Verheiratet, 35 Jahre, zwei Kinder, Steuerklasse 4: Hier verhält es sich ähnlich wie in Beispiel 1. Bei einem Jahresgehalt in Höhe von 60 000 Euro bleibt nach Abzug von Steuern und Sozialabgaben ein Nettogehalt in Höhe von 35 926 Euro. Wer einen Tag weniger in der Woche arbeitet, kommt am Ende des Jahres auf ein Nettogehalt in Höhe von 30 068 Euro. Im Monat macht das eine Differenz in Höhe von minus 488 Euro.

Denn es gibt Leistungen, die der Arbeitgeber seinen Angestellten steuerfrei oder zumindest steuerreduziert anbieten kann und wodurch netto mehr beim Arbeitnehmer ankommt. Hierzu zählen steuer- und sozialversicherungsfreie Sachbezüge. Dabei erhält der Mitarbeiter Gehaltsextras in Form von Waren oder Dienstleistungen wie beispielsweise Tankgutscheine oder Restaurant-Schecks. Bis zu 44 Euro im Monat sind diese steuer- und sozialversicherungsfrei. Aufs Jahr hochgerechnet reduziert sich so die Nettolücke um 528 Euro. Steuervergünstigungen gibt es auch, wenn der Arbeitgeber einen Urlaubszuschuss gewährt, der nur zu 25 Prozent versteuert werden muss. Die Freigrenze liegt pro Mitarbeiter jährlich bei 156 Euro. Für den Ehepartner können noch zusätzlich 104 Euro und für jedes Kind 52 Euro ausbezahlt werden. Für den Single macht das im Jahr weitere 117 Euro, die die Nettolücke reduzieren. Auch ein Diensthandy können Mitarbeiter steuerfrei nutzen – um hier den finanziellen Vorteil zu haben, gilt es aber den privaten Handyvertrag zu kündigen.

Die Rente dabei nicht vergessen

Steuerberater Andreas Islinger rät allerdings dazu, sich vor der Verkürzung der Arbeitszeit auch mit den Begleiterscheinungen zu befassen. „Es ist nicht nur zu bedenken, dass weniger Nettogehalt übrig bleibt.
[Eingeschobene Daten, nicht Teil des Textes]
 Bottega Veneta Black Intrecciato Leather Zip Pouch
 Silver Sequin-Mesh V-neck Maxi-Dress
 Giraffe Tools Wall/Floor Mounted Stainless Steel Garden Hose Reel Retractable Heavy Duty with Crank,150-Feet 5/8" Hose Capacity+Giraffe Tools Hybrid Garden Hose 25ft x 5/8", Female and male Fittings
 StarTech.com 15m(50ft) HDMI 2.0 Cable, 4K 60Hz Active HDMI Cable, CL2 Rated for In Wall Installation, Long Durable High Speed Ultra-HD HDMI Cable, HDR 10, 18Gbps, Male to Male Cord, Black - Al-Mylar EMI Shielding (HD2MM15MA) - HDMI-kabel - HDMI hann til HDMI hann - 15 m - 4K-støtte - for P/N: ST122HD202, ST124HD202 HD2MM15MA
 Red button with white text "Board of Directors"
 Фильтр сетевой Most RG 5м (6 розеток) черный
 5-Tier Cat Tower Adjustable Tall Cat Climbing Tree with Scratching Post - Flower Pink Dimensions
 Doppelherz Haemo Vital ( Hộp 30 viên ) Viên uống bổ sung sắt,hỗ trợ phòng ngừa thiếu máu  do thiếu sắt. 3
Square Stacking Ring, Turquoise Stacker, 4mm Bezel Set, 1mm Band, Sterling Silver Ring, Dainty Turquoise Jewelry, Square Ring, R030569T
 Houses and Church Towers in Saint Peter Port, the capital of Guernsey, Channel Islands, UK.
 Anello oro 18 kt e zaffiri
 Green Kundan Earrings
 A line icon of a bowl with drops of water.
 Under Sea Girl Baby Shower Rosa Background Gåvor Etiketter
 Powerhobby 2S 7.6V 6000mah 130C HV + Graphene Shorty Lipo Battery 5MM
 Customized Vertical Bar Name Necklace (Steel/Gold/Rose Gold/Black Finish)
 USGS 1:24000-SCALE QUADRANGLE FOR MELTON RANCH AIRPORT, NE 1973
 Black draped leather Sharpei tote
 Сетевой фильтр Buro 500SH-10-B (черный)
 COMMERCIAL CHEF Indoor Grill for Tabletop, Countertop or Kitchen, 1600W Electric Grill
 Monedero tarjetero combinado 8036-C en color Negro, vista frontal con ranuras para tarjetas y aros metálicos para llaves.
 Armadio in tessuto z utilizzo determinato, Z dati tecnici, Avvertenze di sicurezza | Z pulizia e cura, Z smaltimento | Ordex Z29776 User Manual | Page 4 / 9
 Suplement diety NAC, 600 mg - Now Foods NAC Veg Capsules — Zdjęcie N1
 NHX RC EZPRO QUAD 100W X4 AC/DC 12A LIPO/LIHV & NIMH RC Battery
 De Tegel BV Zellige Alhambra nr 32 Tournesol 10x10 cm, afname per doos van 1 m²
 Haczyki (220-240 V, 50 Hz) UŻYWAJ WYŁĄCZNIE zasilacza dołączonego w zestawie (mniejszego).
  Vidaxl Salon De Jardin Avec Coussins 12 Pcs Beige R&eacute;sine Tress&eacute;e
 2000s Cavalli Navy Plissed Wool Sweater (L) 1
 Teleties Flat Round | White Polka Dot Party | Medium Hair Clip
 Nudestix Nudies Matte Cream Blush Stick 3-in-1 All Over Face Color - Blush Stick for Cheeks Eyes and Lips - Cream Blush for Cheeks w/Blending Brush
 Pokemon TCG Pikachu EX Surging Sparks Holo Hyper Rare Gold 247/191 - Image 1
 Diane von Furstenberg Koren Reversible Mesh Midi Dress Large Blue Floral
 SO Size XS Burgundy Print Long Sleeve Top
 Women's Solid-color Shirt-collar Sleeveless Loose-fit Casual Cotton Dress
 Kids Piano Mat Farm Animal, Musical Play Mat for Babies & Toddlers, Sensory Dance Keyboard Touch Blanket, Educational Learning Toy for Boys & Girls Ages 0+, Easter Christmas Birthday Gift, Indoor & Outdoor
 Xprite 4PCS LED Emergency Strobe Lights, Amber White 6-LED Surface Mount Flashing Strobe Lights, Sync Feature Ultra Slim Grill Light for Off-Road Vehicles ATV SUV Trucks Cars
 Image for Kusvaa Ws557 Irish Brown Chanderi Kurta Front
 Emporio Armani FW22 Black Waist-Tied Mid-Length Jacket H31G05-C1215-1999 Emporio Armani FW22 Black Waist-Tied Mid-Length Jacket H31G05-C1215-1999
Durch geringere Rentenversicherungsbeiträge reduziert sich auch die gesetzliche Rente.“

Denn verringert ein Arbeitnehmer wie im Musterbeispiel dargestellt sein Gehalt, so führe dies nach zehn Jahren Teilzeit zu einer Reduzierung der gesetzlichen Rente um etwa 100 Euro pro Monat, sagt Islinger. „Diese Rentenlücke sollte beachtet und je nach Bedarf geschlossen werden.“ Damit ist klar: Wer auf eine Vier-Tage-Woche reduziert, sollte dringend privat vorsorgen.

Das könnte Sie auch interessieren:

Trotz der geringeren Rentenansprüche wollen vor allem jüngere Generationen nicht mehr ihre komplette Zeit im Büro verbringen. Stattdessen wird Leistungsfähigkeit durch genügend Ausgleich, zusehends zum Leitsatz. Erste Arbeitgeber haben das erkannt und lassen ihre Angestellten für das gleiche Geld weniger arbeiten. Bei manchen sieht das so aus, dass sie die 40-Stunden-Woche auf vier Tage verteilt haben, andere haben den Fünf-Stunden-Tag eingeführt. Möglich macht das die Digitalisierung: „Die Technologie optimiert und beschleunigt Arbeitsprozesse“, sagt Nick Marten vom Onlineportal Gehalt.de.

Option Jobsharing

Dabei müssten solche Arbeitszeitmodelle noch nicht mal flächendeckend für das gesamte Unternehmen gelten. Vielmehr ließen sie sich auch individuell vereinbaren und einführen, so Marten. Um dem Ziel weniger zu arbeiten bei gleichem Gehalt näher zu kommen, kann man sich laut Marten zudem von einer Fach- zu einer Führungskraft weiterentwickeln und sich diese Position dann mit einer anderen Person teilen. Das sogenannte Jobsharing wurde in Deutschland in den letzten Jahren immer beliebter. „Der Wechsel in eine Führungsposition ist immer auch mit einem Gehaltssprung verbunden. Als Teilzeitführungskraft bekommt man also ein ähnlich starkes Gehalt wie vorher, mit dem Unterschied, dass man nun weniger arbeitet“, sagt Marten.